So, women have kind of a "filter" to sort out and be more careful about which guys they pick (and just dont f*ck around with anybody) whilst men do the opposite and will have sex with anything with a hole, or something...

Anyways, that's the very short, very basic "rundown" of my little theory, just my thoughts....


----------



## Boy C (Apr 1, 2010)

Not all men, obviously.


----------



## Calvaire (Nov 14, 2009)

Versatile Leader said:


> Question for women
> 
> 1 How many times do you think about men?
> 
> ...


1.- Well If your saying men in general or a specific man? Men in general really never
but a specific male person then everyday.

2.- Neither. I desire things that arn't so tangible to get.


----------



## Boy C (Apr 1, 2010)

I try not to desire anything, it only leads to disappointment when i don't get whatever it is i desire.


----------



## OrangeAppled (Jun 26, 2009)

I have a feeling this may have more to do with an individual...interesting perspective though. You usually see the opposite suggested - that women spend their time thinking about & discussing relationships much more than men do. Unless we're talking about sex, and then it's suggested men are more focused on those thoughts.

* 1 How many times do you think about men?*
I don't keep count....I daydream frequently about men concerning both relationships & sex, but it's usually someone specific. I also think about men in more casual ways, as I do with anyone, regardless of gender.

* 2. What do you desire the most in your life Material things or a Man?*
Neither....I'll copy Jolene & say that my desires are rather "intangible", as I think that phrases it nicely.
If I had to choose though, I'd take a satisfying relationship with a man over many material comforts.


----------



## Promethea (Aug 24, 2009)

I scribble his name on my trapper keeper, or my name, but with his last name. Kekekeke. And sometimes I write 2getha 4eva. :crazy:


----------



## Crystall (Mar 30, 2010)

I think "I love you! But I love me more." pretty much sums it up for me :wink:


----------



## sprinkles (Feb 7, 2010)

What I wonder is... not how often men/women think of men/women, but to what level...
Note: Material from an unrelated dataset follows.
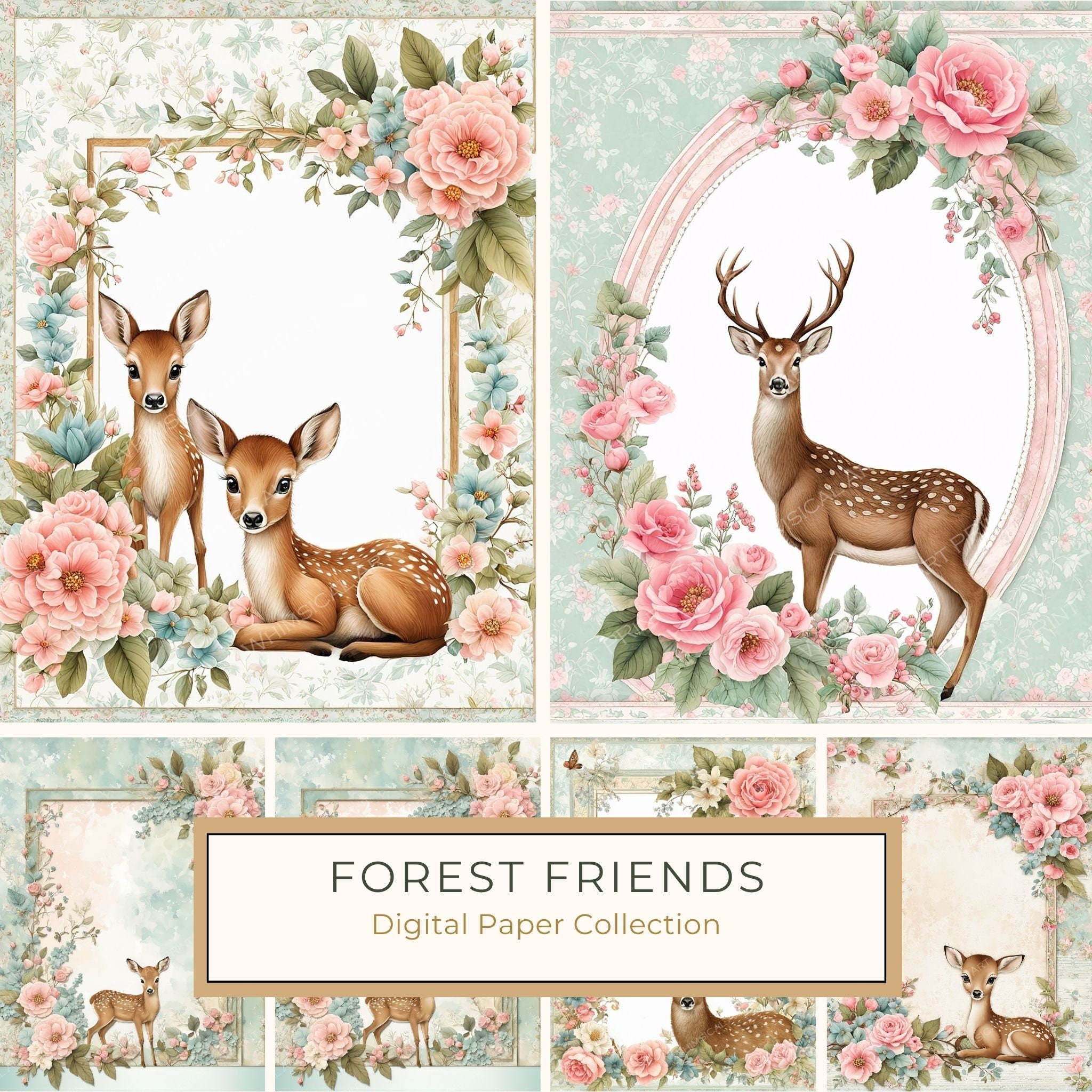 Woodland Deer Digital Paper Set: Shabby Chic Floral Frames (10 JPGs)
I dunno, it just seems the general impression I get is that guys think "she's hot/funny/sexy/I just like her" but with me and perhaps some other females I know it goes deeper than that, like "What's this person about? What kind of babies will we have? What kind of house will we live in? What would our wedding be like?" and not only do I personally think of that stuff but I sometimes contrive answers for those questions too...so it's like I think of a whole life involving this person of interest. 
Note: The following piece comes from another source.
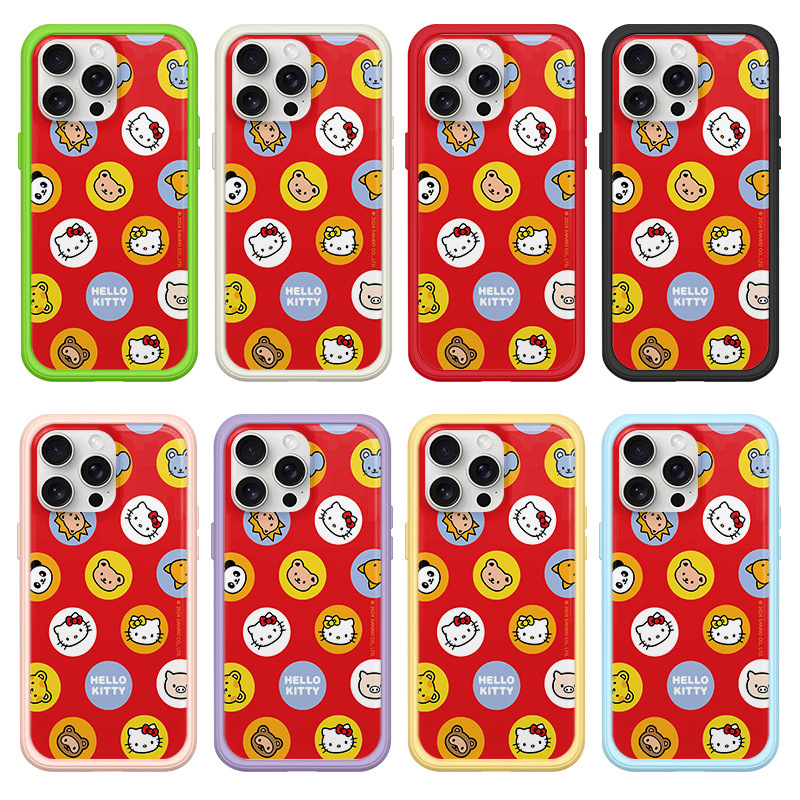 Rhino Shield Magnetic Iphone16Pro Max Mobile Phone Case Back Panel Two-In-One 15Pro Cartoon 14 Collection Red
And it isn't that those things must meet certain expectations, exactly, it's just something that I consider....


----------



## walkawaysun09 (Mar 13, 2010)

I am interested in women rather often, but it's typically with the emphasis of "Is this person interesting enough/sane enough to date? Is it the right time for me to be thinking about dating? If I have intent, how do I go about this?" Sex is so...simple a thing, I have more long-term ideas.

And as far as whether I like material things or women more...I'd prefer the intangible of "love" rather than be bound to just thinking about sex.

Yes...odd to find a man more interested in a relationship than sex...not like it doesn't cross my mind, but it's better when it's with someone you care about.


----------



## Crystall (Mar 30, 2010)

sprinkles said:


> What I wonder is... not how often men/women think of men/women, but to what level...
> 
> I dunno, it just seems the general impression I get is that guys think "she's hot/funny/sexy/I just like her" but with me and perhaps some other females I know it goes deeper than that, like "What's this person about? What kind of babies will we have? What kind of house will we live in? What would our wedding be like?" and not only do I personally think of that stuff but I sometimes contrive answers for those questions too...so it's like I think of a whole life involving this person of interest.
> 
> And it isn't that those things must meet certain expectations, exactly, it's just something that I consider....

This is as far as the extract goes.